- devops
- l2
- runbook
- terraform
- terraform-deep-dive --- Portal | Level: L2: Operations | Topics: Terraform, Terraform Deep Dive | Domain: DevOps & Tooling
Runbook: Terraform Drift Detection Response¶
| Field | Value |
|---|---|
| Domain | Cloud/Terraform |
| Alert | terraform plan shows unexpected resource changes, or drift detection job reports changes |
| Severity | P2 |
| Est. Resolution Time | 30-60 minutes |
| Escalation Timeout | 45 minutes — page if not resolved |
| Last Tested | 2026-03-19 |
| Prerequisites | Terraform CLI, cloud provider CLI, state file access, ability to run terraform plan/apply |
Quick Assessment (30 seconds)¶
# Run this first — it tells you the scope of the problem
terraform plan -detailed-exitcode 2>&1 | tail -20
echo "Exit code: $?"
Step 1: Capture the Drift Plan¶
Why: Before making any decisions, you need a full picture of every drifted resource. Saving the plan to a file ensures you can review it carefully and act on it deterministically.

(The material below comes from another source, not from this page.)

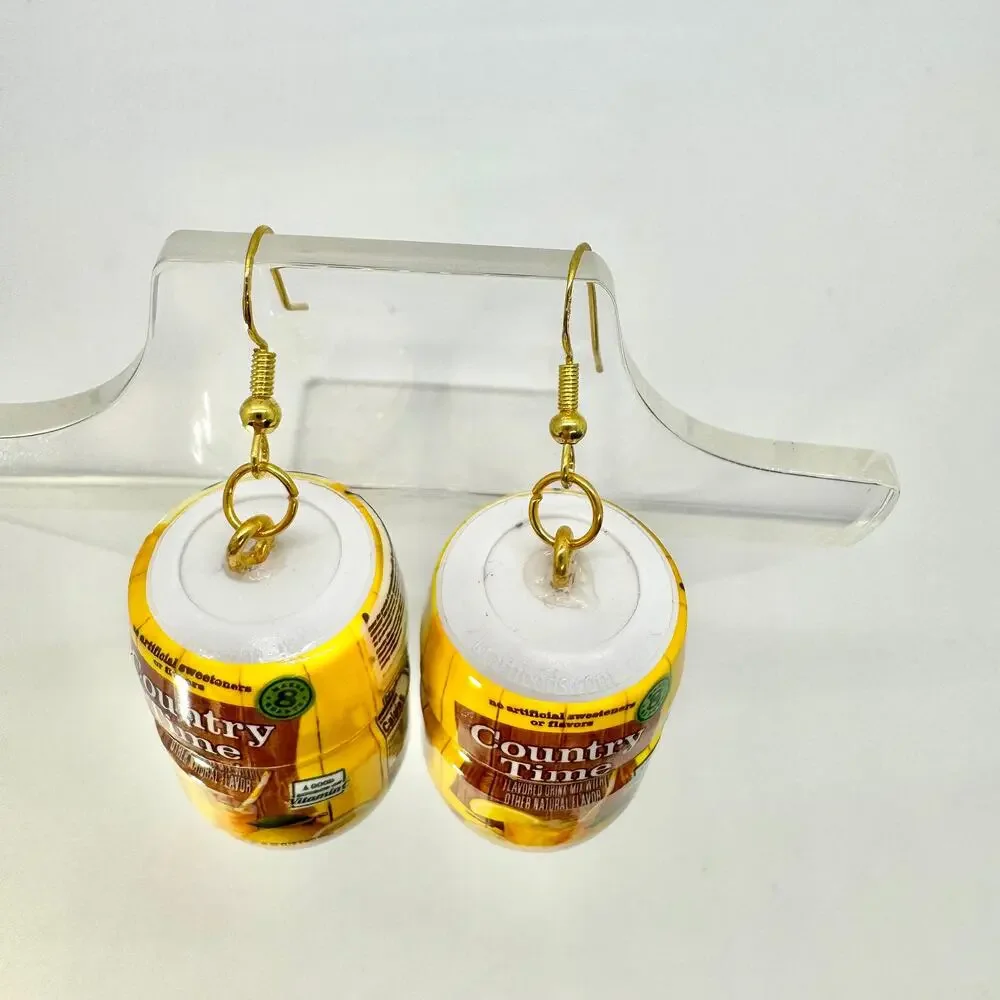 Country Lemonade Earrings - Rustic Drink Dangles - Cottagecore Summer Aesthetic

# Run terraform plan with output saved to a file:
terraform plan -out=drift.tfplan 2>&1 | tee drift-plan-output.txt
# View a human-readable summary of what will change:
cat drift-plan-output.txt
# For a more structured view:
terraform show drift.tfplan
# Get a count of changes by type:
grep -E "^ # |will be|must be" drift-plan-output.txt | head -50
Terraform will display the drift as a plan:
# aws_security_group.web will be updated in-place
~ resource "aws_security_group" "web" {
~ ingress {
+ cidr_blocks = ["0.0.0.0/0"] ← someone opened this to the world manually
}
}
# aws_instance.app[0] has been deleted
- resource "aws_instance" "app" { ← someone terminated this instance
}
Plan: 0 to add, 1 to change, 1 to destroy.

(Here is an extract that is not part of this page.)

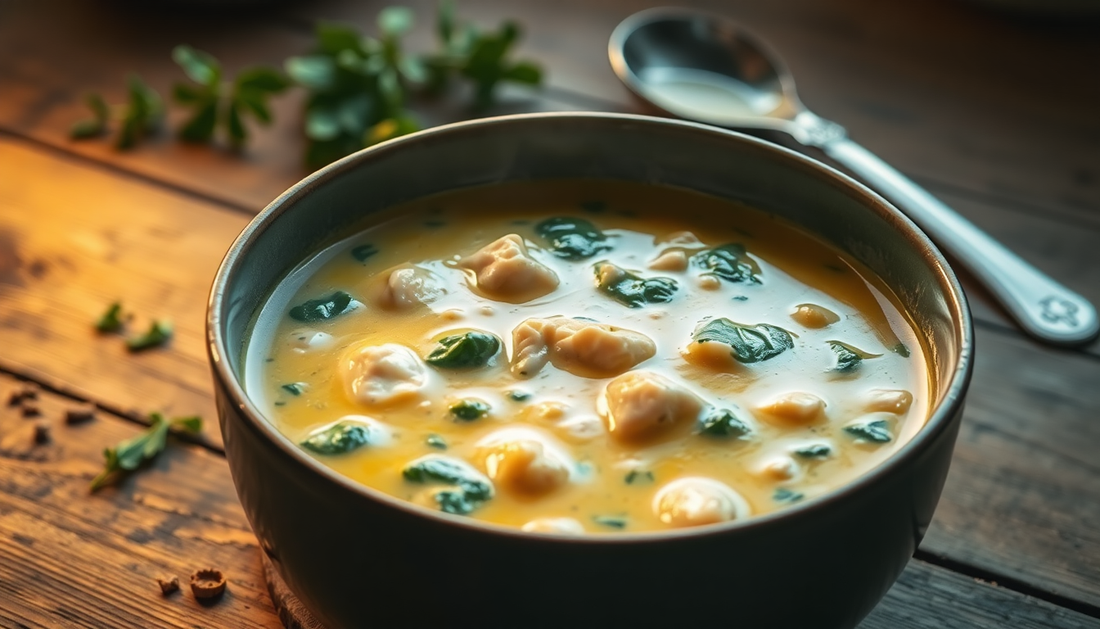 Creamy Chicken & Spinach Keto Soup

terraform plan fails with credential errors, check aws sts get-caller-identity (AWS) or gcloud auth list (GCP) to confirm your credentials are valid.
Step 2: Review Each Changed Resource — Expected or Manual Intervention?¶
Why: Not all drift is bad. Some changes are deliberate (a team manually patched a config) and should be codified in Terraform. Others are accidents or security incidents. You must categorize each change before deciding how to respond.

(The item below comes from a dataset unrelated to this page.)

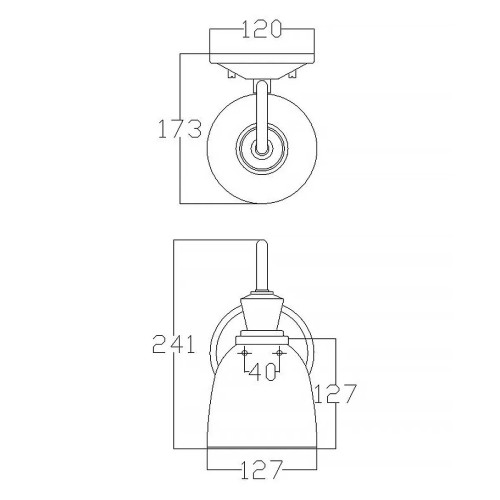 Kinkiet Cora - 1 źródło światła - Polerowany chrom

# For each changed resource in the plan, determine:
# Question 1: Was this change authorized?
# Question 2: Is it safe to apply (Terraform would "fix" it back to code)?
# Question 3: Is it safe to import (Terraform code should be updated to match current reality)?
# Categories:
# EXPECTED → someone deliberately made this change and it should be kept
# ACCIDENT → someone made this change by mistake; revert with terraform apply
# SECURITY → unauthorized or dangerous change; escalate before acting
# UNKNOWN → unclear who/why; investigate before acting
# Example: security group with 0.0.0.0/0 added → investigate immediately
# Example: instance count changed → check if autoscaling or manual action
echo "Manually categorize each change in drift-plan-output.txt before proceeding"
A categorized list:
aws_security_group.web: ingress 0.0.0.0/0 added → SECURITY — escalate
aws_instance.app[0]: deleted → UNKNOWN — investigate
aws_s3_bucket.logs: tags changed → EXPECTED — team updated tags manually, should codify
destroy operations first (highest risk), then update operations that affect security resources (security groups, IAM, network ACLs).
Step 3: Investigate the Source of the Change¶
Why: Drift caused by an authorized team member requires a different response than drift caused by an unauthorized actor or a runaway script.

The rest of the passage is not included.